A couple days ago I was riding my bike to the gym and listening to the first post-election podcast of the Gilmor Gang. They were all depressed about the results of the election and they were discussing whether or not the blogosphere played any impact on the outcome. Now the most popular political blogs are mostly libertarian or moderately left. But the blogosphere in general is definitely more liberal than conservative. It’s also more critical of the war in Iraq than most tradition media outlets. Basically, it the blogosphere had played a big impact, the vote should have gone to Kerry.
Then one of the guests brought up an interesting thesis: there is such an overwhelming amount of information on the internet and in the blogosphere that a possible reaction is curling up into your existing comfortable values and gut instincts.
That really got at me because I’m a strong advocate of the internet, of increased communication. I don’t think information overload (which I suffer from every day) is a bad thing, I just think we need to slowly let ourselves work it out. But another reaction is certainly retreating from it all back to a traditional objective moral code just like Gary Willis argues in The Day the Enlightenment Went Out.
I mean, personally I think this conversation we’re having with HP is super interesting and useful. But another part of me asks if we’re not just adding to the noise, adding to the echo chamber and that perhaps, worse, it’s having the opposite affect.
Us and the Apes
The best single podcast I have listened to so far is a presentation from this year’s Pop!Tech Conference by Comparative Primatologist Frans de Waal. His presentation was on Human Nature and his basic argument is that populism is the best form of governance given primate behavior. Now you should listen to anyone who starts telling you about apes and finishes insinuating that you should vote for Kerry in 30 minutes with a very very critical ear.
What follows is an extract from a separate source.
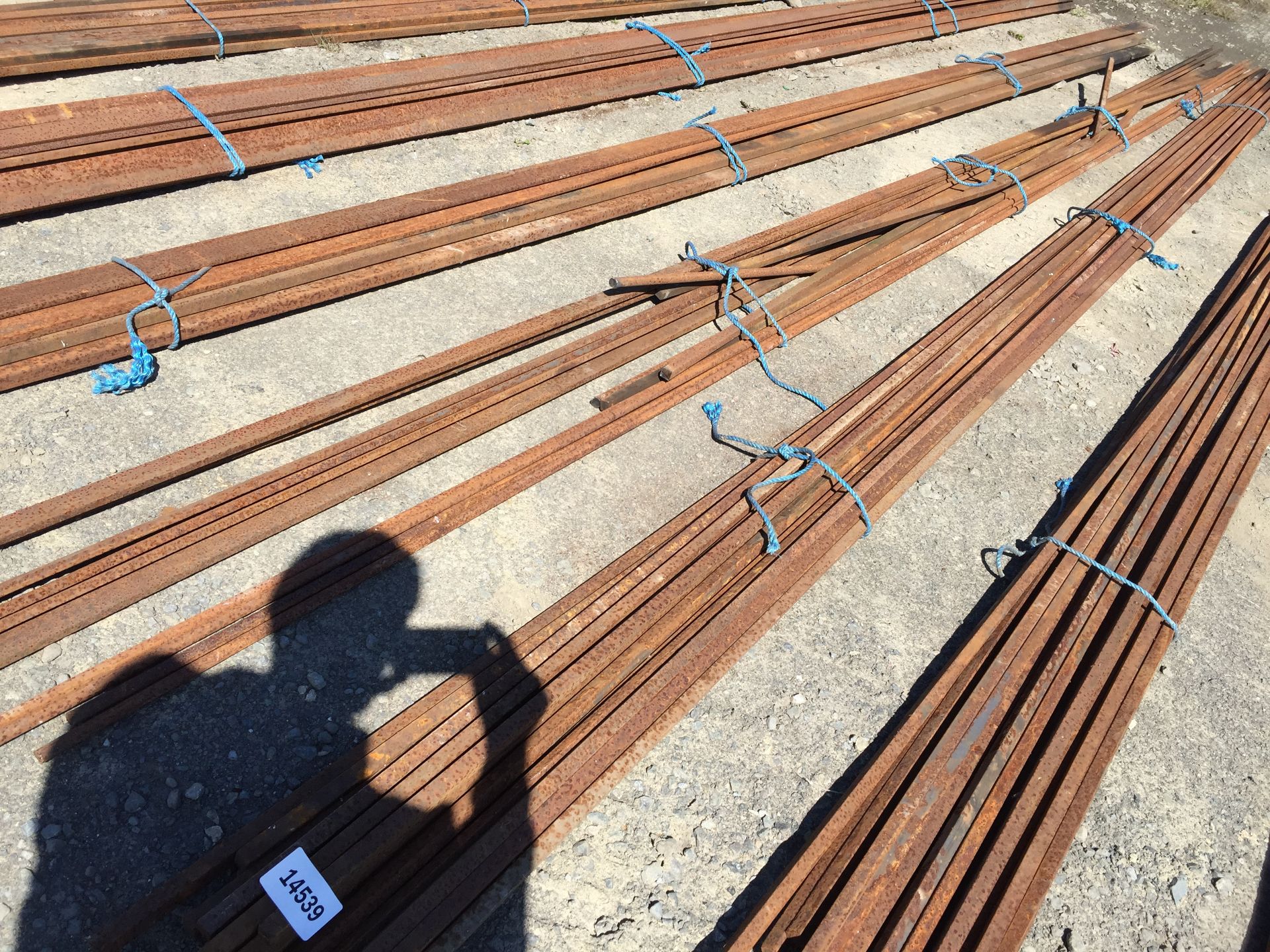 PL-14539 Quantity of Approx 20ft Lenghts of Metal Cube Rods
With that said, his presentation really gave me a lot to think about.
I know that throughout our conversation with HP, I’m going to be thinking myself about the deeper argument of moral relativism versus moral absolutism. Mari’s boyfriend Chad framed it so well on his blog. Us liberals often cite the Enlightenment and claim we use universal rationality rather than any objective moral authority in forming policy. But Chad explains the dangers of pure rationality. Only now am I realizing that we need the two – objective morality and rationality – to balance each other. But Frans de Waal’s argument is that we need to better understand human behavior when making policy. That human behavior at least needs to taken into consideration.
An aside: Frans de Waal later described an experiment in which university age men and women were asked how many sexual relations they had in the past year. Consistently men would say 10 and women would say 5. He said it was always right around half. Now, obviously unless men were having many more homosexual relations than women, there’s a discrepancy there. So he said, the researchers then hooked their participants up to fake lie detector tests and asked the same question – how many sexual relations in the past year. All of a sudden both the men and the women gave the same answers. His point being that you have to take behavior into account in any research that relies on surveys or questionnaires.
Another example was that when Sprite made the graphic of the lime larger on their can, they got a flood of calls asking them why they started adding more lime flavor to the soda. Anyway, I’m just echoing – check out the podcast.